3. Offer Pet Deposit Assistance
When a pet owner has to move into a new place, there is the burden of security and cleaning deposits, along with the expense of relocating. Often times, the initial pet deposit is the additional expense that can be avoided. Whether you find a way to give the funds away or arrange a repayment schedule with housing in your community that requires deposits, providing $200-$500 one time far outweighs the daily sheltering expense.
4. Offer Temporary Boarding
Many times people who are transitioning between housing are in need of two weeks of animal care; they may have a couch at a friend’s but can’t bring their pet, or are staying in transitional housing where pets aren’t allowed. Team up with organizations that provide housing in order to create pet friendly emergency and transitional housing. Work with a local pet boarding company to provide discounted or free care for a short period of time. Knowing that a pet will be reunited with their owner in two weeks sure beats housing that animal in the shelter for a month or longer.
5. Collect The Data
Shelters with government contracts typically use an intake type and subtype like confiscate:eviction to indicate when they are called to a property to impound animals because the owner has been evicted and abandoned one or more pets, or because the tenant is in the final step of being evicted and has no option for their pet. Additionally, all shelters that take owner surrenders should track reasons for surrender, and many of them are related to housing problems: landlord, new lease, moving, lost home, size.
6. Report Your Data
Historically animals are left out of the housing analysis. Ask anyone working in social or animal welfare though, and they will tell you that pets not only play a part in decreasing options for these families, but also have community wide financial ramifications. But this information is NOT collected and shared. Your housing authority or commission needs to understand the direct effect to your municipality of lack of pet friendly housing, and it is your responsibility to get into the discussion.
Photo above: PACC housing related surrenders more than doubled in 2018.
7. Discuss The Economic Impact
Some reports state that it costs a community $30,000 a year to provide emergency shelter to one person, while it costs an average of just $2,000 to keep them in their home. By providing resources, educational tools, and support, the cost to taxpayers is decreased by about $28,000 per recipient. Similarly, the cost to house a pet in a municipal shelter is estimated to be about $800, while studies show the cost to keep a pet in the home is closer to $200.

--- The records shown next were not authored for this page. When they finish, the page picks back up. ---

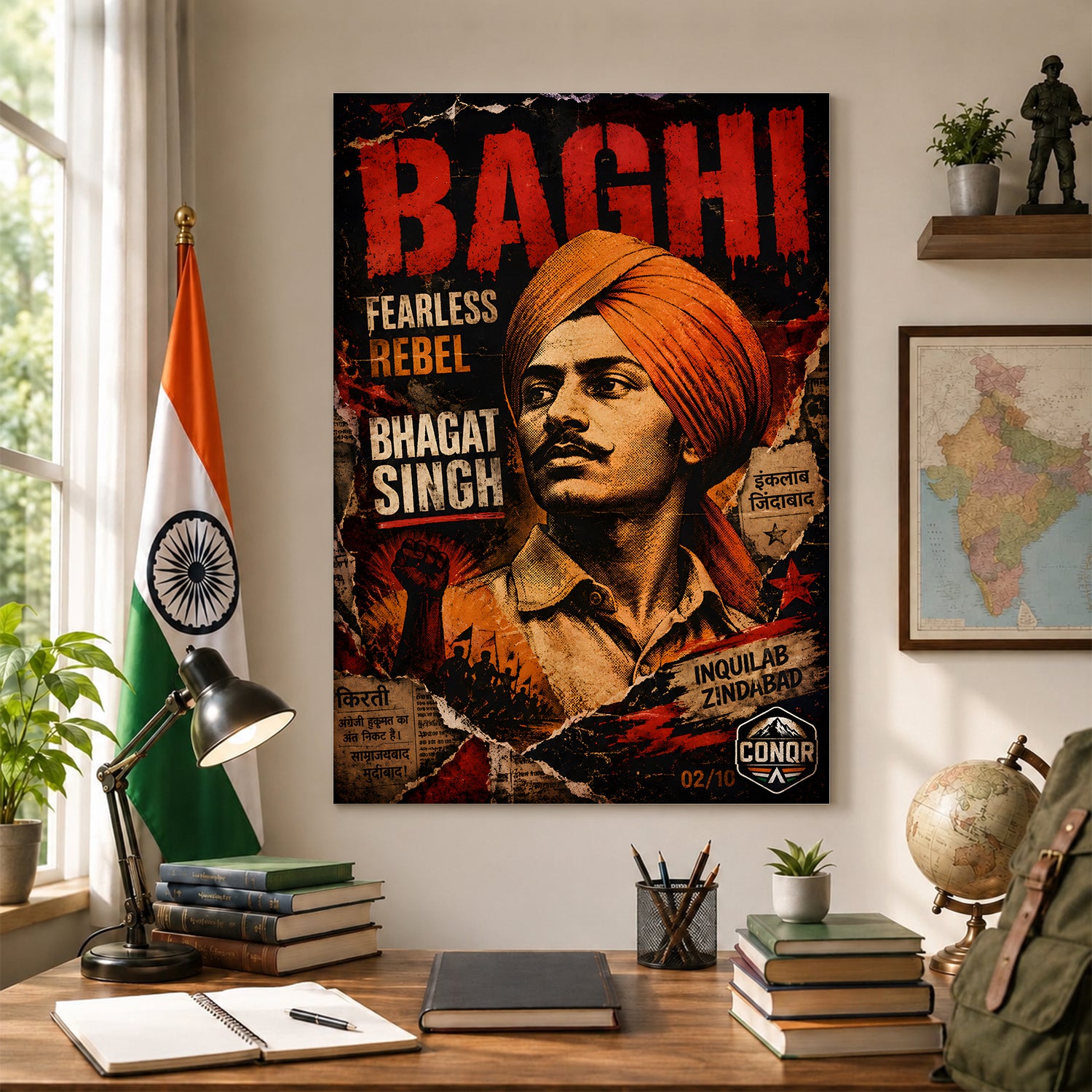 Bhagat Singh Revolutionary Spirit Wall Art (CONQR-BHART-BHAGAT-002)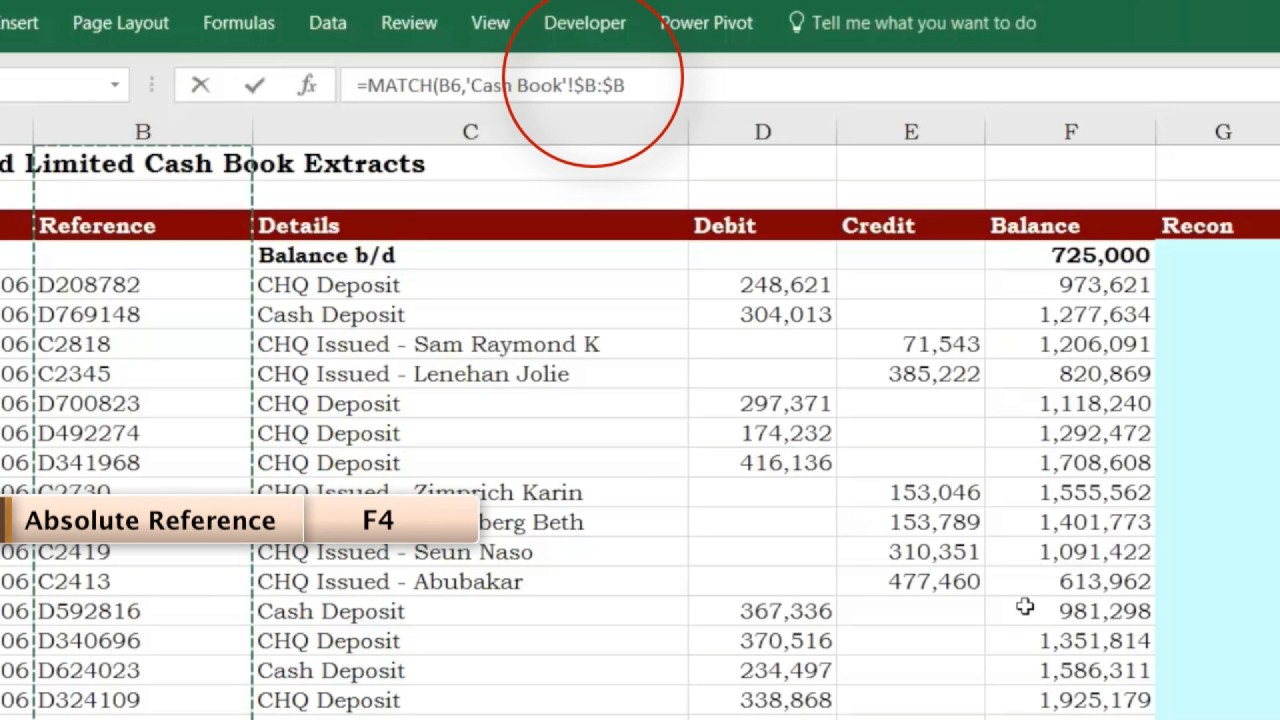 Bank Rec Excel Template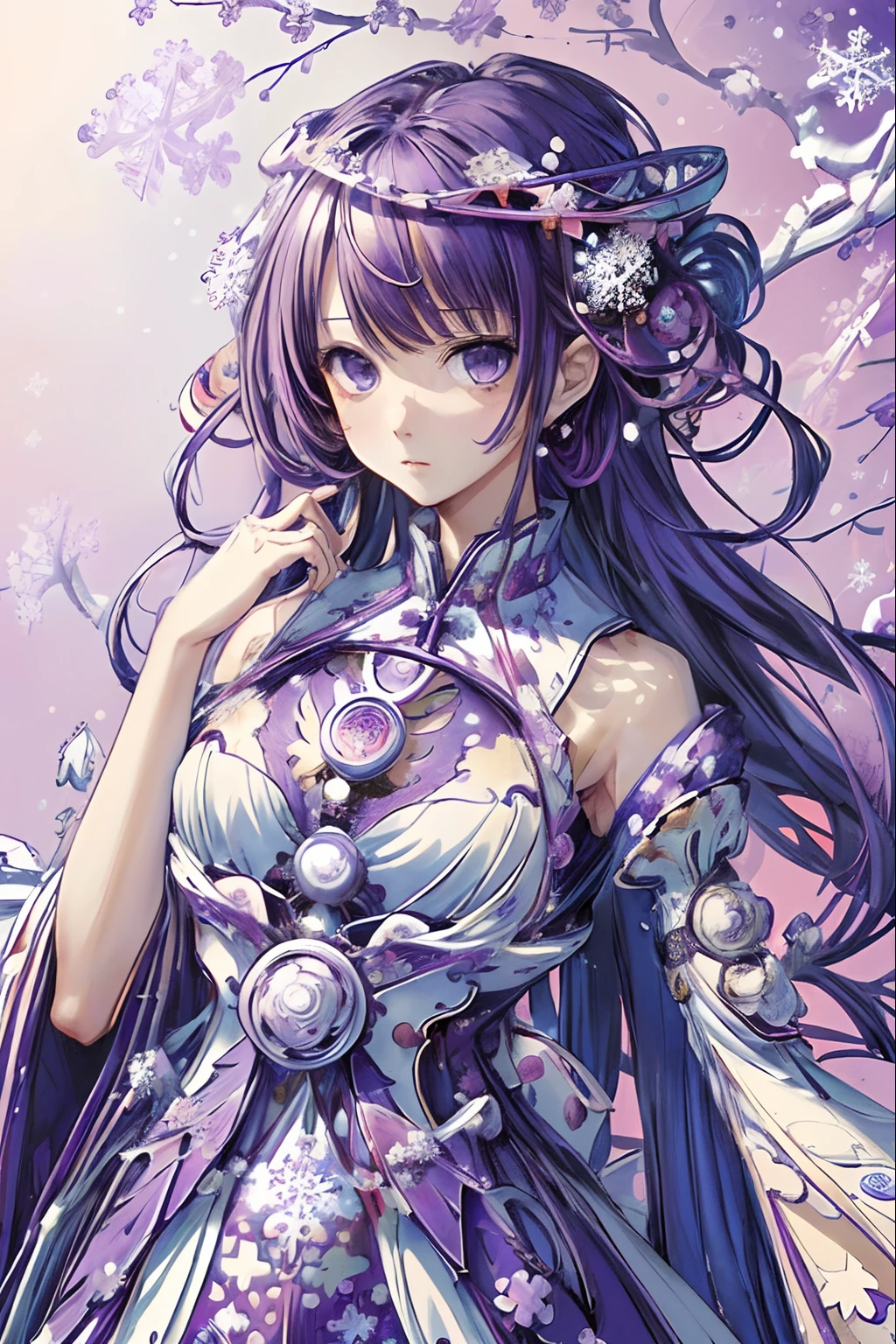 (masutepiece, of the highest quality, Best Quality, Official art, Beautiful and aesthetic:1.2),(1girl in),ighly detailed,(Fractal Art:1.3),Colorful,highest details..,Purple,white,Blue,Chest,lower abdom,snowflakes falling,(Whole body:1.5),faces,(Only one face.:1.1),.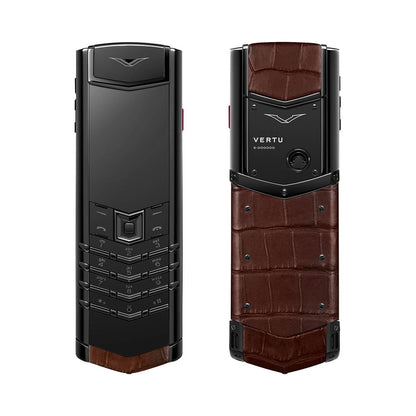 VERTU SIGNATURE S+ PHONE BLACK STEEL AMBER BROWN ALLIGATOR SKIN, view 2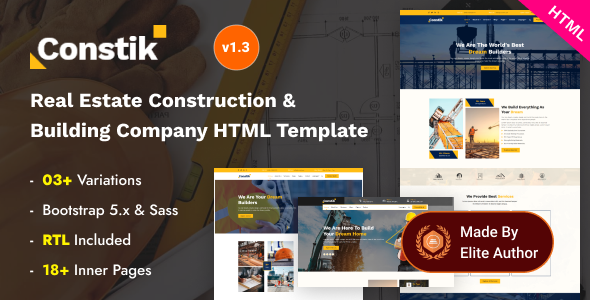 Constik - Real Estate Construction & Building Company Bootstrap 5 Template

Evictions and affordable housing shortages are a complex systems issue. Work is being done all over the country to understand the upstream causes and the downstream effects. There is still much work to be done, and the direction of that work depends greatly on improving the data collection process throughout the nation in order to give pets a voice in this matter.
If you represent an organization that collects, or influences the collection of, data related to housing in any manner, I urge you to push to have pet measurements added. This will not only help us help pet owners, but decrease the gaps in social services.